The standard library contains implementations for common programming needs. Besides overloading pairswise numerical and comparison operators for basic arithmetic types and booleans, it also supports string handling.

Jump to: Console · Strings · Allocators · Files · Vectors · Math


Console 🔗

Basic functionalities are introduced for the console, namely reading and printing. These support all escape characters C++ can support, including ANSI codes for colors. They have also been overloaded for integers, floats, and -as seen in the next segment- strings. Reading failure fails the current service under smoλ's guidelines that services should fail completely and rerun instead of trying to recover from invalid states. Here's an example:

@include std.builtins

service main()
    success = false
    x = f64:read()
    print(x)
    --

Strings 🔗

String manipulation is included from the builtin functionalities of the standard library. Below is an example that demonstrates conversion from primitives. Similarly overload str(Type obj) for custom types. Strings admit the following two optimizations under the hood to enable very fast handling without creating excessive bloat when passed around: a) they retain c-style strings for quoted characters, and b) they keep track of the first character to enable fast comparison without going through heap data.

@include std.builtins

service main()
    i = 0
    while i<=10 
        if 0==i%2 -> print("Even "+i:str)
        else      -> print("Odd  "+i:str)
        i = i+1
    ---- // end while and main with no return

Buffers and standard library implementations, like strings, are safe to return from services. In that case, deallocation instructions are transferred upwards, but still performed on failure. Note that the C++ interface is generally unsafe and requires extensive tests to demonstrate correctness. However, once safe implementations are provided, you can reuse those.

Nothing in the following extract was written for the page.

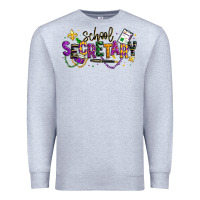Heather Grey mardi gras school secretary Premium Sweatshirt - texasbilliewilder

Strings are immutable and therefore allow for very fast operations for obtaining substrings by increasing pointers and decreasing length under the hood. Those operations do aply bound checks but do not copy memory and are therefore exceptionally performant. Here is an example of obtaining substrings with the slicing notation.

@include std.builtins
service main()
    s = "I like bananas!"
    print(s[2 to 7])  // prints "like"
    --

As a trade-off for performance and safety, manipulating individual characters in strings can only be done by spliting and recombining them, which may be computationally intensive by moving memory. Manipulating characters at individual string positions without losing safety will be covered in future versions of the standard library.

@include std.builtins

service add_service(str v1, str v2) 
    i = 0
    while i<10
        v2 = v2+"c"
        i = i+1
    ---> v1+v2

service main()
    r1 = "aa":str
    r2 = "bb":str
    r1 = add_service(r1,r2)
    print(r1)
    --

Allocators 🔗

Section under construction.

@include std.builtins
@include std.mem

service main()
    p = heap:allocate(1024, char) // allocates 1024 bytes
    @delete p
    --

Files 🔗

Section under construction.

@include std.builtins
@include std.file
@include std.mem

service main()
    f = file("README.md")
    chunk = "":str
    nom:chunks(f, 4096, heap):while next(chunk) print(chunk) --
    --

Vectors 🔗

Under construction.

Below is an example that demonstrates vector computations. These include the generation of vectors with uniformly random elements.

@include std.builtins
@include std.vec
@include std.time

service main()
    n = 100000
    x1 = vec(n)
    x2 = vec(n)
    tic = time()
    z = dot(x1,x2)
    print("Elapsed \{time()-tic} sec")
    print(z)
    --

Math 🔗

Various trigonometric operations are available, namely cos, sin, tan, acos, asin, atan. In addition to those, you can compute multiples of π=3.14159... per value:pi like below.

@include std.builtins
@include std.math

service main()
    print("Give a number of radians")
    rads = f64:read:pi
    print("cos \{rads:cos}")
    print("sin \{rads:sin}")
    print("tan \{rads:tan}")
    --
Furthermore, exp,log,pow,sqrt are also available. Importantly, the logarithm requires a positive inputs, the square root requires non-negative input, and power computations require non-negative base.